At the appellate hearing, James Tyrrell Jr., a lawyer for the city, argued that taxpayer money could not be used to move the pile.

"Digging up the landfill simply because somebody’s loved ones might be there -- that’s not a sufficient reason," Tyrrell said.

Horning hopes the upcoming sifting project will provide resolution for some families. The few remains she has of her son, which include his wallet, give her a connection to something that he once touched.

"When you get a fragment of your loved one, it’s a punch in the stomach telling you he was blown apart," Horning said. [Editor’s emphasis]

"Of those of us who have something, they’re very small fragments."

The sifting process beginning Monday will cost an estimated $1.4 million and will take three months. During that time, anthropologists and other professionals will hand-sift through 844 cubic yards of debris.

New York City has identified 25 new 9/11 victims since 2006. Work done up to December 2007 recovered 1,772 potential human remains, according to city records. But 41 percent of the families who lost loved ones in the World Trade Center attacks have yet to recover anything.

Sally Regenhard, an activist and co-founder of the Skyscraper Safety Campaign, lost her 28-year-old son, Christian, a firefighter. To this day, she has not recovered any of his remains.

"I have no evidence that my son died. I never got the knock at the door," Regenhard said. "I have never been told where my son died, what building he was sent to, what he was doing."

She likens the feeling to those of the families of Argentina’s thousands of desaparecidos, taken by the Argentine government during the country’s Dirty War in the 1970s and whose whereabouts and fates often were never revealed.

"It would make what happened to us real because there is a gross and bizarre sense of unreality," Regenhard said. She believes the city has failed to search for and identify victims’ remains properly.

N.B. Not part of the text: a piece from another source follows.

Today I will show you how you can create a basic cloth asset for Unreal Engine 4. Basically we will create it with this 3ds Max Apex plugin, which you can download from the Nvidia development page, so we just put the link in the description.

"A lot of the remains in the first several weeks ended up being picked up as debris -- as garbage -- along with everything else," said Glenn Corbett, a professor at John Jay College of Criminal Justice and the chief technical adviser to the Skyscraper Safety Campaign. "There really was no concerted effort to recover remains in a systematic way."

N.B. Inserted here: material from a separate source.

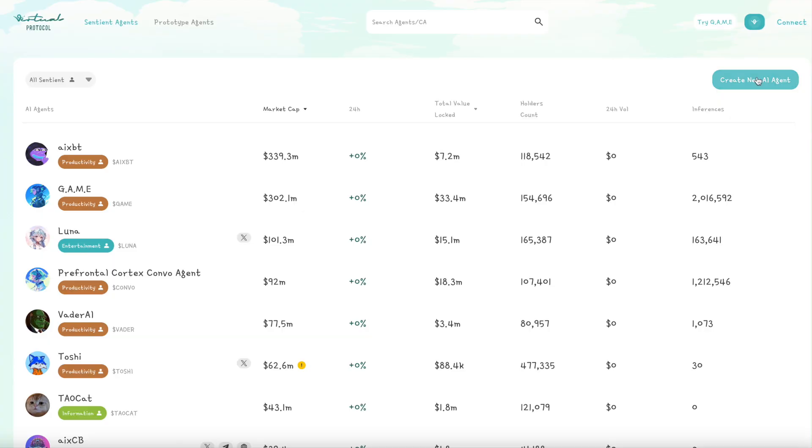The utility here is explosive. That's why this company has gone up like 20,000%. Let's jump onto the Virtuals Protocol application. I'll show you some of these fun agents like Vader AI, Bark Ruffalo, AIXBT, and Luna so you guys can get a sense for how people are launching these things, the volume, inferences, and the market caps. Once you go to app.virtuals.io, you can see the agents ranked by market cap.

In 2006, New York Sen. Charles Schumer and then-Sen. Hillary Rodham Clinton asked both Secretary of State Donald Rumsfeld and New York City Mayor Michael Bloomberg to request the help of the military’s Joint POW/MIA Command, an elite unit that identifies and accounts for Americans missing because of conflicts.

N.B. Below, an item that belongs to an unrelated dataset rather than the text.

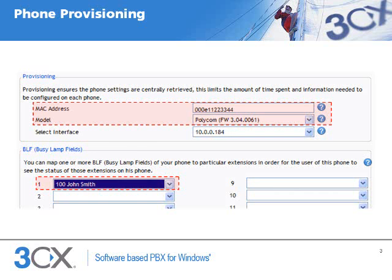In the Provisioning tab, we simply need to enter the MAC address of the phone and the body. If we also want to preset the phone to monitor activity for particular extension numbers, we can also set this up in the BLF section.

But the city said it didn’t need the help. At a community meeting in 2006, Dr. Bradley Adams, a forensic anthropologist with the Chief Medical Examiner’s Office, said the city had hired more anthropologists than a team from JPAC would have provided.

When acquaintances of her son come to New York, they often ask Regenhard if they can visit his grave. She has to explain to them that he doesn’t have one.

"For myself and for so many people, we’ve never had a burial, we’ve never had a funeral," Regenhard said. "Often a gravestone is the only evidence that a person lived and a person died."

Instead, much of the evidence of the lives of World Trade Center victims is spread into thousands of tiny pieces, piled up in a landfill or buried under the streets of lower Manhattan.